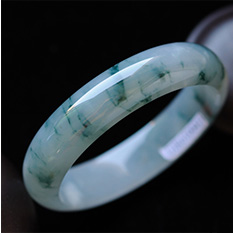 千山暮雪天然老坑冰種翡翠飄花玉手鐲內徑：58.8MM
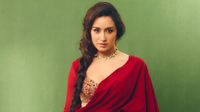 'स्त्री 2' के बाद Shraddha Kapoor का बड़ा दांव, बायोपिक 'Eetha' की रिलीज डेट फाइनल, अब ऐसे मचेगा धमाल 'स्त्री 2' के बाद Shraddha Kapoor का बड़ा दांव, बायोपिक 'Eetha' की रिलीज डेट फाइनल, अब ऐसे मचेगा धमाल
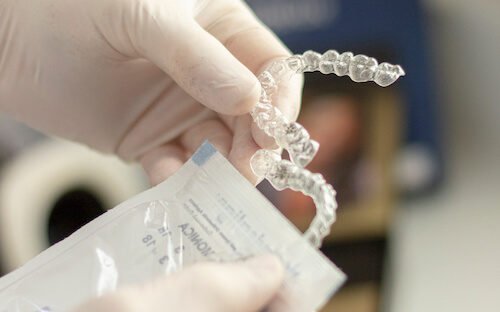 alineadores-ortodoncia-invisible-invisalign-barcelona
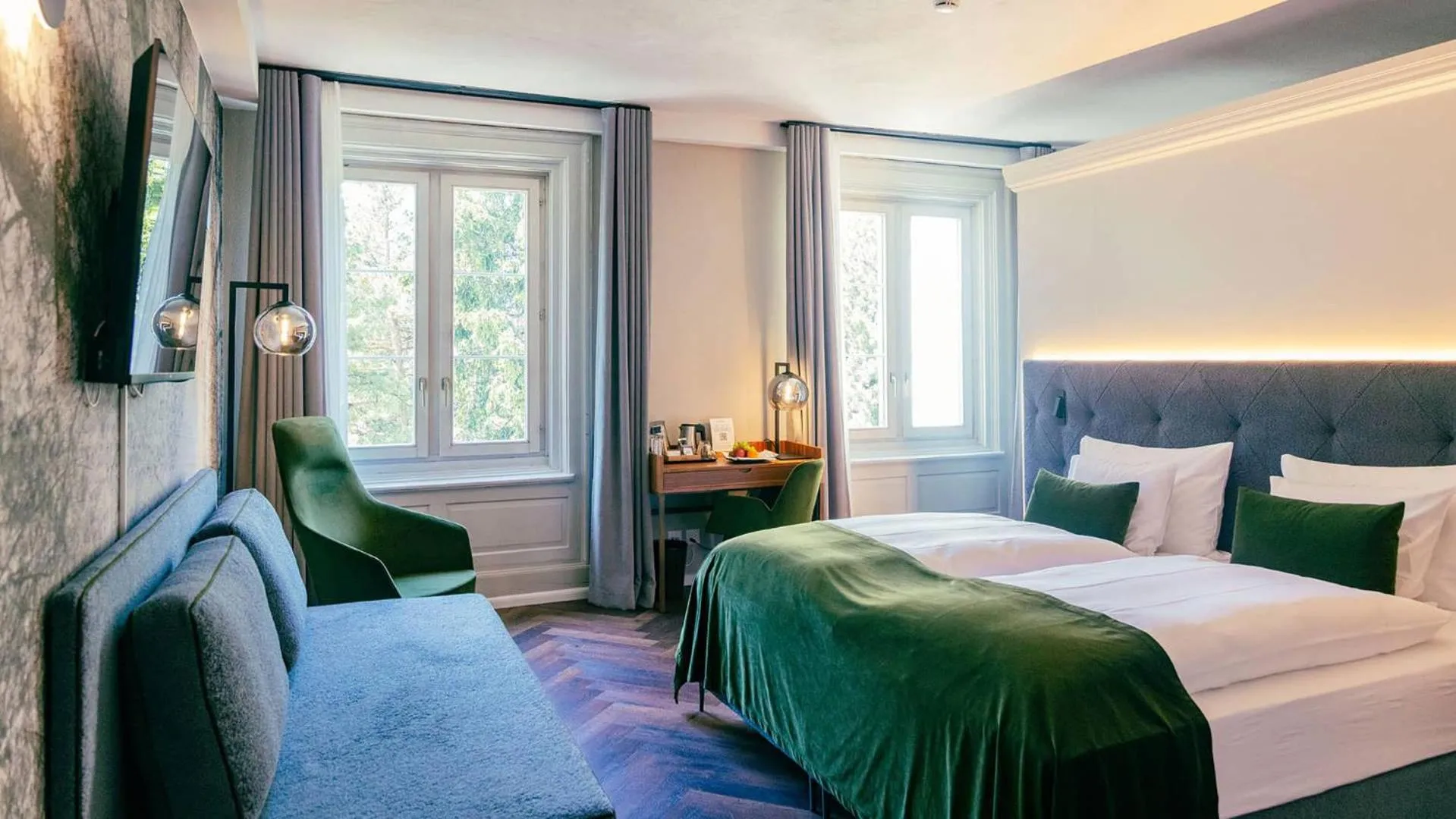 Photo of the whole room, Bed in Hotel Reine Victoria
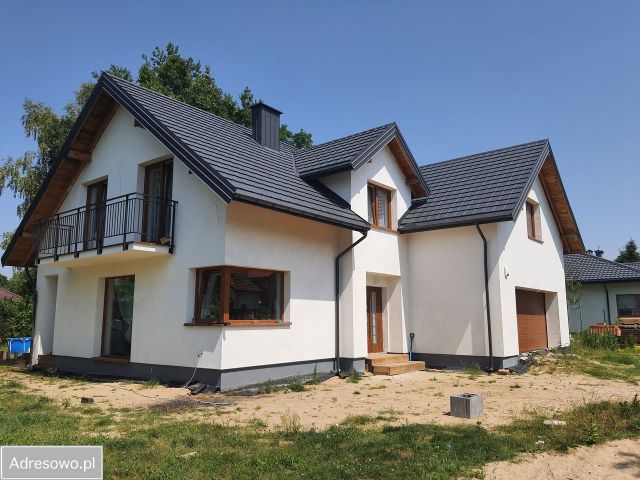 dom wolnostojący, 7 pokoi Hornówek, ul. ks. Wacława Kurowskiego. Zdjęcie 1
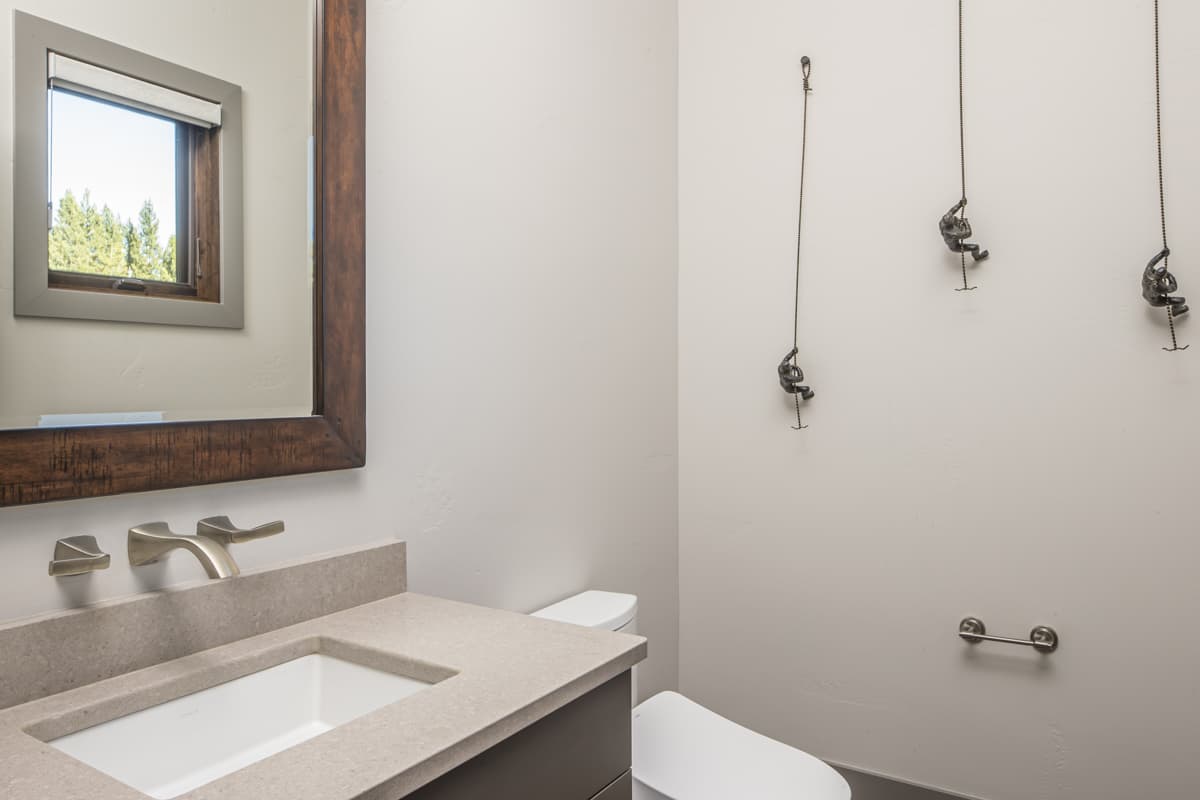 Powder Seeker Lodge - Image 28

....................

• [What you are asked to do]:
"मचेगा धमाल 'स्त्री" marks the first line to be returned; return exactly that line and every line after it through the last line of the listing, omitting pictures.

• [Task output]:
 'स्त्री 2' के बाद Shraddha Kapoor का बड़ा दांव, बायोपिक 'Eetha' की रिलीज डेट फाइनल, अब ऐसे मचेगा धमाल 'स्त्री 2' के बाद Shraddha Kapoor का बड़ा दांव, बायोपिक 'Eetha' की रिलीज डेट फाइनल, अब ऐसे मचेगा धमाल
 alineadores-ortodoncia-invisible-invisalign-barcelona
 Photo of the whole room, Bed in Hotel Reine Victoria
 dom wolnostojący, 7 pokoi Hornówek, ul. ks. Wacława Kurowskiego. Zdjęcie 1
 Powder Seeker Lodge - Image 28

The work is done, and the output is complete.